Redeeming Donations To Boko Haram’s Victims
WITH more than a million victims of Boko Haram’s insurgency in camps and with diverse needs, the N5 billion President Muhammadu Buhari ordered to be released to them may not be much. But it is a source of hope as the action demonstrates that the government and indeed the entire country have not forgotten these victims of mindless brutality by terrorists.
The order for the release followed a briefing by the Presidential Committee on Victims Support Fund led by Lt. Gen. Theophilus Danjuma Yakubu (rtd) during the group’s visit to Buhari. At the launch of the fund last year after the abduction of over 200 schoolgirls in Chibok, Borno State, the Federal Government pledged N5 billion in aid of the victims and the immediate families of those who died as a result of the Boko Haram insurgency. But the government has only just given an order for the release of the amount. This, it must be said, is coming too late and the plight of the victims does not permit a leisurely response. It is disheartening that the government has allowed bureaucratic hurdles to delay the release of the fund. But now that the order has been given, the government should make sure it is implemented immediately.
With the Muhammadu Buhari-led government setting the pace, it is expected that other bodies and individuals who also pledged money to the exercise would redeem their pledges now. At the launch of the fund, N58.79 billion was pledged, above the targeted amount of N50 billion. It is a good development that the committee already has N23.33 billion in four bank accounts and that it received approval from the immediate past administration to incorporate the monies into a trust fund to insulate it from political interference. But those who made promises of donating money should make good their words as the victims need succour now.

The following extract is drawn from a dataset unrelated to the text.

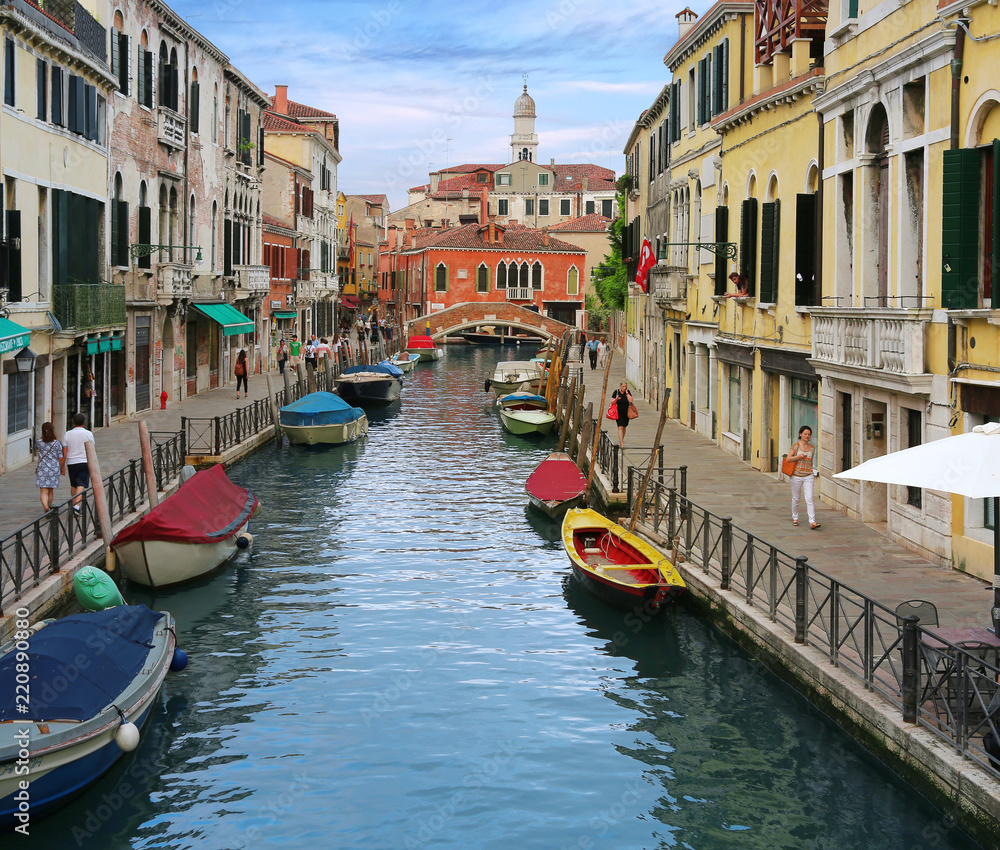 Charming Venetian canal street with colorful boats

Having begun the process of redeeming its pledge, the government should consider the necessary measures to ensure that the money and other donations are well utilised. This is to avoid a situation in which the money would go into the pockets of some unscrupulous persons. There must be accountability and transparency in the management of the funds. In this regard, the government must first of all determine the areas where the intervention would make the most impact on the lives of the victims. Would the money be used to train the young victims in schools? Would it be used to clothe and feed them? Or would it be used to re-build their homes that have been ravaged by the crisis? The urgency of the need to help is seen in the plight of the rescued victims who are in internal refugee camps. The camps are unlivable as they lack adequate facilities. Worse still, while some of the female victims have been sexually abused, others have been lost to human traffickers who stalk the camps for vulnerable young girls desperate for a life with meaning. These victims urgently need to be rehabilitated with the help of the government, organisations and individuals.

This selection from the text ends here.